Studies of missionary culture, he suggests, miss the mark in not focusing on the West, as "it is this culture that, more than any other, is proving resistant to the gospel". Why is this? This is one of the questions he spends time on developing. At the moment, he simply recognizes it as a problem.
The Church, posits Newbigin, exists in a culture. It originally started in a Jewish culture, then expanded to a Roman-Greek culture, and from there expanded into the cultures of what became medieval Europe before being transmitted to larger world mostly (but not entirely) during the Age of Discovery (The Thomasine Churches of India, for example, being an exception). The communication of the Gospel, has to include communication in the language the receptor culture understands, calls for a change (metanoia or turn in direction in the Greek, which we call repentance in English) - but also has to rely ultimately on a work of God. We cannot make anyone convert; we can only call them to it.

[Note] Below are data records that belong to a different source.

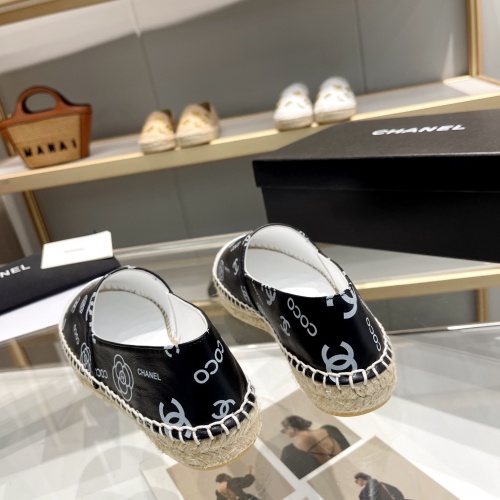 Replica Chanel Casual Shoes For Women #1214219 $85.00 USD for Wholesale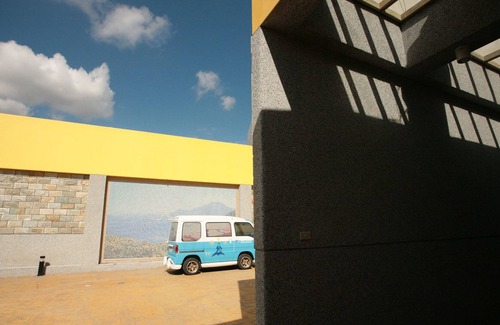 Hualien City Centre House | Little Prince B&B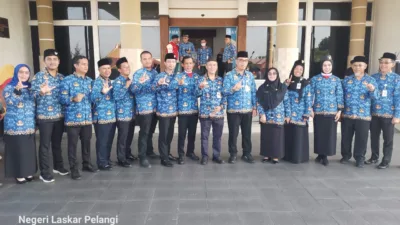 Hardiknas, Sarana Angkat Harkat dan Martabat Bangsa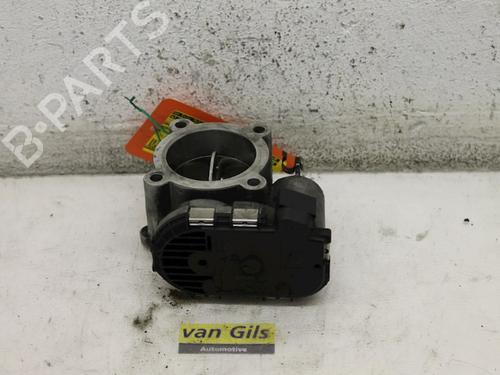 Used Throttle body MERCEDES-BENZ M-CLASS (W164) ML 320 CDI 4-matic (164.122) (224 hp) 15305590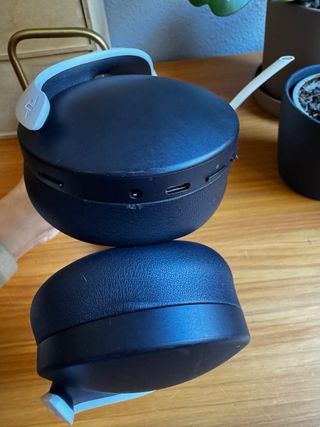 Auriculares Sony PlayStation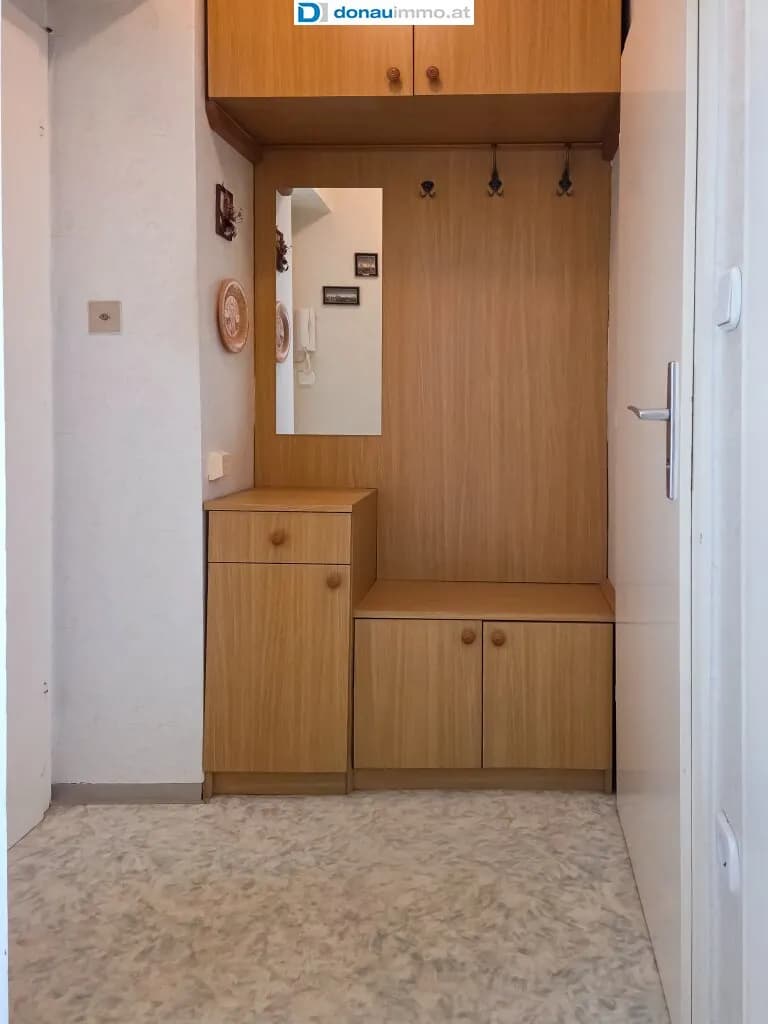 2-Zimmer-Wohnung kaufen in Gmünd – 35 m², € 55.000 – Bild 4 von 19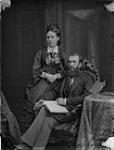 Edwards Mr. & Mrs Nov. 1872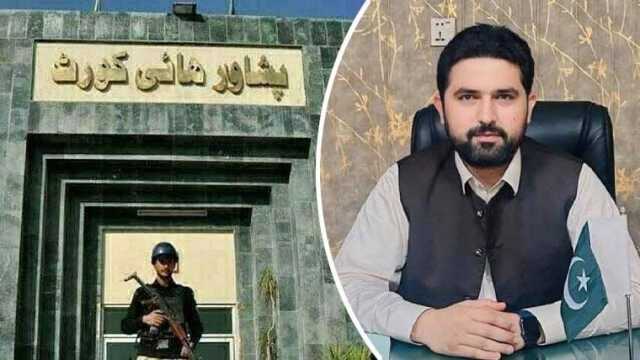 وزیراعلیٰ کے پی سہیل آفریدی کی حفاظتی ضمانت میں توسیع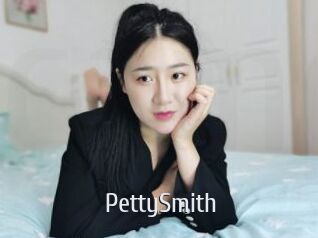 PettySmith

The classic view of the missionary involves someone that goes to a culture and communicates in the language of that culture (Newbigin's first point) and calls for a change in the individual's direction, repentance and salvation (Newbigin's second point). The third point - the work of God - is beyond the missionary's scope of control.
To those who are accepting Christ, they accept Him through the one that presents Him - if a missionary, then how the missionary views and experiences Christ. But as the Christian grows in faith and in the reading of Scriptures,
"...he will gain a standpoint from which he can look in a new way both at his own culture and at the message he has received from the missionary. This will not happen suddenly. It is only as the fruit of sustained exposure to the Bible that one begins to see familiar things in a new light. In this light the new convert will both see his own traditional culture in a new way and also observe that there are discrepancies between the picture of Jesus that he (from in his culture) finds in the New Testament and the picture that is communicated by the missionary."
What can happen? In one version, the new convert retreats to his own culture, seeing the Gospel as merely a tool for the missionary's culture to implant itself in the converts culture and take power or take over - or in turn, converts the Gospel into a vehicle for the new convert's message (such as Liberation Theology). In the other version, the new convert reflects back to the missionary how the missionary's culture has influenced his vision of Christ. Taken this way, suggests Newbigin, lies the possibility of mutual correction - no one culture has a monopoly on Christ; we all interpret him through the culture that we live in.
The modern world has what Newbigin (taking from Peter Burger) calls a "plausibility structure", that which can be normally taken for granted without argument and from which dissent is considered heresy (in the old definition, of the individual deciding making a decision instead of following the given tradition) - in the modern world's case, it has developed this structure such that the public world of facts are considered different from the private world of beliefs, opinions, and values. We, as the self center of our own universe, are ourselves heretics because "we make our decisions about what to believe".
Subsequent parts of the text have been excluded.